U.S. Court Rules that Secular Humanism Deserves to Be Treated as a Religion
- By Emily Murdoch --
- 10 Nov 2014 --
A federal district court in Oregon has declared Secular Humanism a religion, paving the way for the non-theistic community to obtain the same legal rights as groups such as Christianity.
A court in the United States of America has ruled that the belief in secular humanism should be considered to be a religion which means that people who consider themselves to be secular humanists as their religious choice will be permitted to create humanist groups.
“The court finds that Secular Humanism is a religion for Establishment Clause purposes,” the judge wrote in his ruling.
This entire court case came about because a prisoner filed a suit challenging the Federal Bureau of Prisons. He did this because he argued that it was completely unfair that he was not permitted to create a humanist study group in his prison. His request was forbidden because secular humanism was not previously considered to be a religion.

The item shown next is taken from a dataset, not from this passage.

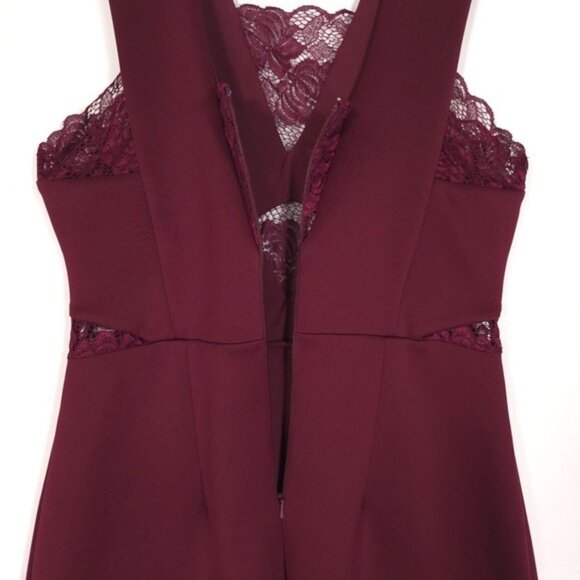 asos Women’s Dress Mini Lace A-Line Fit & Flare Sleeveless Lined Burgundy Size 8 - Picture 7 of 10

Senior District Judge Ancer Haggerty concluded after the court case that by refusing to allow the prisoner the right to create a secular humanism group, the prison was in effect, violating the rights that were created for him and enshrined in the First and Fifth Amendments. The prisoner was supported throughout the proceedings by the American Humanist Association who have been pushing for secular humanism to be recognised as a religious view point for many years. From now onwards the same legal rights that people of faiths such as Christianity, Judaism, and Islam, will be accorded to those that follow secular humanism.
Prisons will only permit prisoners to meet together for religious reasons, which means that only the religions that are on the permitted list can come together and worship and study together. Now that secular humanism has been added to this permitted list, it is expected that in prisons across America, prisoners will start to file requests to have their own secular humanism groups established so that they can study and discuss ideas together.